One of Grid’s defining features is that there are no code changes needed when training! This is a huge benefit for data scientists who want to take a model and just push it to the cloud. 

Grid makes this process simple: it provides a wide variety of infrastructure options that include CPU or GPU instances to tackle any workload. Datastores are also available to capture all resources from one location, and interactive Grid Sessions give users the dashboard capability in one UI.
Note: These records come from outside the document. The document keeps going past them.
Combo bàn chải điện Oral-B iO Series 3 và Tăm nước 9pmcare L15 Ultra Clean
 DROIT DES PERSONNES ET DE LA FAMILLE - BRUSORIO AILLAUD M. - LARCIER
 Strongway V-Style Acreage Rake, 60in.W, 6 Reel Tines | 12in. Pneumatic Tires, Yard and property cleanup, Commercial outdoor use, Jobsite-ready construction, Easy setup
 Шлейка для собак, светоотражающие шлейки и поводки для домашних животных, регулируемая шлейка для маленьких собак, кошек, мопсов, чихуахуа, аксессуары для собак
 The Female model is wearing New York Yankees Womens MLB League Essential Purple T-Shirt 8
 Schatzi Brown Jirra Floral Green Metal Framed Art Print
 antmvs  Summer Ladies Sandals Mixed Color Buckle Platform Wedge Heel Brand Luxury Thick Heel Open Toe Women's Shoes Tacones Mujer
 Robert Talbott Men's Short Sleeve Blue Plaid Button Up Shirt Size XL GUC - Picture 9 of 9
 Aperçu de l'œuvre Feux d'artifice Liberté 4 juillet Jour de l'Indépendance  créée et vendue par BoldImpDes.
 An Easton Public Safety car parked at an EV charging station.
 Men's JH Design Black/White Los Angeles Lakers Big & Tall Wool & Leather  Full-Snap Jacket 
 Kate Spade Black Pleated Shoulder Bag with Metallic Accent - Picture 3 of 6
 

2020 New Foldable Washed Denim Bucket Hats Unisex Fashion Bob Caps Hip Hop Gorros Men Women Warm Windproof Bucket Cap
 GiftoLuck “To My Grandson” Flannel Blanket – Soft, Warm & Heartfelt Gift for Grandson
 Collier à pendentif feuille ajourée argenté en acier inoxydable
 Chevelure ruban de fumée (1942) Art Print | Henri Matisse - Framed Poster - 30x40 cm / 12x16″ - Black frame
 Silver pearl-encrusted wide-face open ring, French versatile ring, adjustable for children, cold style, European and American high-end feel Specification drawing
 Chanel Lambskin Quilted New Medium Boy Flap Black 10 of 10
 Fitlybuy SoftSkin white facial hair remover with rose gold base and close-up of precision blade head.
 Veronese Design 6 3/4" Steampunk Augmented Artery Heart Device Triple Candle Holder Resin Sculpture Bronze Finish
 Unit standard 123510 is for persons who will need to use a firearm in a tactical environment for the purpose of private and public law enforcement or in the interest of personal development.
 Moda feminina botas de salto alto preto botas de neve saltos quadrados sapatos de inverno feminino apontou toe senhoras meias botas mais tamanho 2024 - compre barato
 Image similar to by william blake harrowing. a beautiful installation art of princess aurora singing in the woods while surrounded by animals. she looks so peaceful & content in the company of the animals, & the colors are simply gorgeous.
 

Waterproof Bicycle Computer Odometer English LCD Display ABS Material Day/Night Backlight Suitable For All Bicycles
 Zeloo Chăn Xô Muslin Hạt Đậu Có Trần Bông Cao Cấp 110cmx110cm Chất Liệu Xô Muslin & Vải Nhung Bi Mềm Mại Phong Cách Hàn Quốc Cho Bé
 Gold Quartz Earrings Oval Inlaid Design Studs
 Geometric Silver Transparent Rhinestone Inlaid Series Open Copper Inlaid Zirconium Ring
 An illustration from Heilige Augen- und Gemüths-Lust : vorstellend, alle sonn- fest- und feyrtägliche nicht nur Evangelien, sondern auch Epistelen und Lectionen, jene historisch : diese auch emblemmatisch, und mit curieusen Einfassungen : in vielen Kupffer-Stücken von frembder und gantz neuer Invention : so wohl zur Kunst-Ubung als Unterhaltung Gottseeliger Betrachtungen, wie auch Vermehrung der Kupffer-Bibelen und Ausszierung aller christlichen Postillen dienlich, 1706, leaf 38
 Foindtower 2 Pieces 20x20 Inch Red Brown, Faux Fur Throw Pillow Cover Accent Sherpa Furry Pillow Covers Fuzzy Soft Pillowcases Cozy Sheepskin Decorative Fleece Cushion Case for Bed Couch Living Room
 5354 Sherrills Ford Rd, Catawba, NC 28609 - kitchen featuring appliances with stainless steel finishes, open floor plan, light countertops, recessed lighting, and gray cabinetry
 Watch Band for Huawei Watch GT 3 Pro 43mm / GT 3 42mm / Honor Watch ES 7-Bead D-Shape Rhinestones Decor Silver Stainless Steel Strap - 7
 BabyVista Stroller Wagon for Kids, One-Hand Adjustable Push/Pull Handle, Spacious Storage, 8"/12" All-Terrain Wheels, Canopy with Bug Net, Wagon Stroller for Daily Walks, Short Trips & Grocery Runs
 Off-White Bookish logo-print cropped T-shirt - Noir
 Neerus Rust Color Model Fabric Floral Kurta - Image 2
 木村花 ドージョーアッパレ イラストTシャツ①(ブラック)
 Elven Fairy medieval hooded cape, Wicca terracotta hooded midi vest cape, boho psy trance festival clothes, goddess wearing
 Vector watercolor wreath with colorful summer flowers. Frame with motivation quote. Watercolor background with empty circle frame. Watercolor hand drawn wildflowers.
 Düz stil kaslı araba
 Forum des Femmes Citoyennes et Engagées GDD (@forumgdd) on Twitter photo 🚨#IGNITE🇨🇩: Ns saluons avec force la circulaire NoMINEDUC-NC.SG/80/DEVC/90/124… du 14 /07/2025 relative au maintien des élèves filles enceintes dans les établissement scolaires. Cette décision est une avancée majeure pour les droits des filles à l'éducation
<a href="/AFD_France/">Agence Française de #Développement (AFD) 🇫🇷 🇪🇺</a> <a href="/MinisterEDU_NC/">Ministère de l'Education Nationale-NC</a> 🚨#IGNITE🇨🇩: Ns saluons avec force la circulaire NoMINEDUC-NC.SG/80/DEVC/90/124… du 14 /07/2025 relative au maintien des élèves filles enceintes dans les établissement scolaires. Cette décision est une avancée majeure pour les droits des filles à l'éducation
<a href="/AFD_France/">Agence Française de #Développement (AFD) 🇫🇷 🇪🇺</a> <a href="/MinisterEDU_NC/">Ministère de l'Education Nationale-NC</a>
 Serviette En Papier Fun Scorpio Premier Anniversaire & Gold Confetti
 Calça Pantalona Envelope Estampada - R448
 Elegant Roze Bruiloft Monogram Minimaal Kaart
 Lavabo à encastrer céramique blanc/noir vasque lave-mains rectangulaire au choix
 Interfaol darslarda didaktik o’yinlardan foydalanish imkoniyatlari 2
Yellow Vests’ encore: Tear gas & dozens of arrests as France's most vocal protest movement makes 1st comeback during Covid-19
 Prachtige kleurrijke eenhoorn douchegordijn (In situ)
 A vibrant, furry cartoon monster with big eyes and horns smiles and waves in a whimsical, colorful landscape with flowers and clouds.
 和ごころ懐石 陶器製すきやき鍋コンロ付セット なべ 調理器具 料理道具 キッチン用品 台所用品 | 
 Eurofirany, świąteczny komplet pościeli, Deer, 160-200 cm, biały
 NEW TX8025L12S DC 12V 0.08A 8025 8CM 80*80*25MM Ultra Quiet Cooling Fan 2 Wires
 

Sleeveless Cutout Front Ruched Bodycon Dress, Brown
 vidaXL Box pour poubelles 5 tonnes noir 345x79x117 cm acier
Grid works, it scales, and it meets the needs of data scientists, researchers, engineers, and other users focused on bringing machine learning projects to life.

Grid’s Mission

Grid’s goal is to eliminate the burden of managing infrastructure in order to rapidly prototype and train models in an effort to reduce the time spent in the model development lifecycle. Grid meets this goal by maintaining three core pillars:

  1. Community engagement. We’re always working to build products that solve your problems, and we always encourage users to get in touch with feedback.
  2. Research and development. We maintain our commitment to excellence leveraging state-of-the-art tools and industry knowledge to make products that empower our users.
  3. Constant innovation. We build products that are useful both now and in the long term. By vigilantly evaluating customer needs and user experience, Grid delivers innovative features critical to the future of the industry.

Grid Features

Grid’s core features are:

  1. Datastores. Data storage that is shareable between teams and mountable to both Runs and Sessions.
  2. Runs. Transient jobs that will run your Python, Julia, or R code and store the resulting artifacts for downloads.
  3. Sessions. Interactive Jupyter notebook environments capable of running Python, Julia, and R code. This feature is designed for iteration and prototyping with the ability to pause without losing any work.
  4. Artifact management. Grid offers the ability to manage and download the artifacts created from model training.

As a platform, Grid enables users to scale their workflow and facilitates faster model training. 

We do this by being:

  1. Bigger. Train and scale models using Grid Runs, Sessions and a variety of Cloud-based infrastructure.
  2. Faster. Quickly develop models with one-click access to scalable compute and the ability to run parallel hyperparameter search.
  3. Easier. You don’t need to remember thousands of commands from different environments in order to train a model, generate Artifacts, and increase replicability.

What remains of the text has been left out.